Researchers have developed an AI system that automatically evaluates the text quality of large language models. It's a family of models called "FLAMe," and they outperform commercial systems like GPT-4 in many areas.
Researchers at Google DeepMind, Google, and UMass Amherst have developed new models for automatically scoring AI-generated text. The models, called "FLAMe" (Foundational Large Autorater Models), have been trained to evaluate the quality of generated texts across several categories.
Such automated evaluation is becoming increasingly important as human evaluation is time-consuming and costly, and as AI texts become more widespread. Previous AI-based scoring systems often suffered from bias or used copyrighted data.
FLAMe, on the other hand, has been trained on over 5.3 million human ratings from 102 different tasks. These cover areas such as general writing quality, factual accuracy, mathematical reasoning, and programming. The data comes exclusively from publicly available sources with open licenses.

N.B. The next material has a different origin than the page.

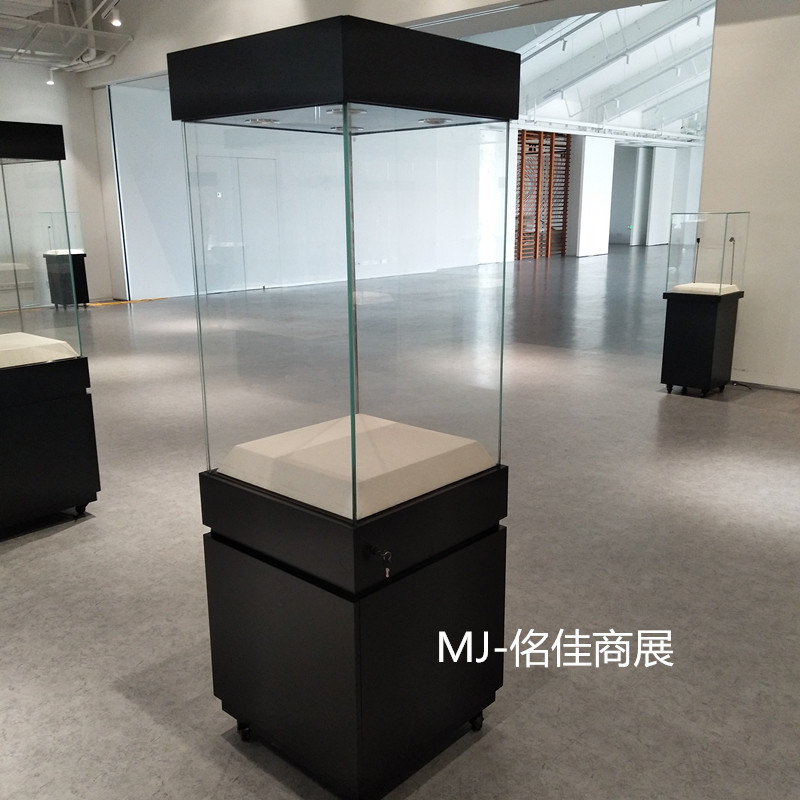 博物馆展示柜古董瓷器玉石文玩展示柜独立珠宝首饰玻璃柜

In tests, FLAMe outperformed commercial systems like GPT-4 and Claude 3 in 8 out of 12 evaluation tasks. The system performed particularly well in assessing factual accuracy and attribution. Here, FLAMe achieved an overall score of 81.1 percent, while GPT-4 reached 80.6 percent.
Researchers release FLAMe for free
The researchers also developed a variant specifically optimized for reward modeling called FLAMe-RM. This achieved an accuracy of 87.8 percent in the RewardBench test, a standard benchmark for reward models - surpassing GPT-4 and GPT-4o. Such reward models can be used to align models with human preferences, for example in reinforcement learning with human feedback.
According to the scientists, a key advantage of FLAMe is its lower bias compared to commercial systems. Tests have shown that FLAMe is less susceptible to biases from text lengths or irrelevant contextual information.
The researchers see FLAMe as an important step towards developing open and transparent evaluation systems for AI-generated texts. They plan to make the training data and models publicly available to enable further research in this field.
However, the scientists also point out potential risks: Excessive use of such automated evaluation systems could lead to neglecting human perspectives. There's also a risk that the systems may amplify existing biases in the training data.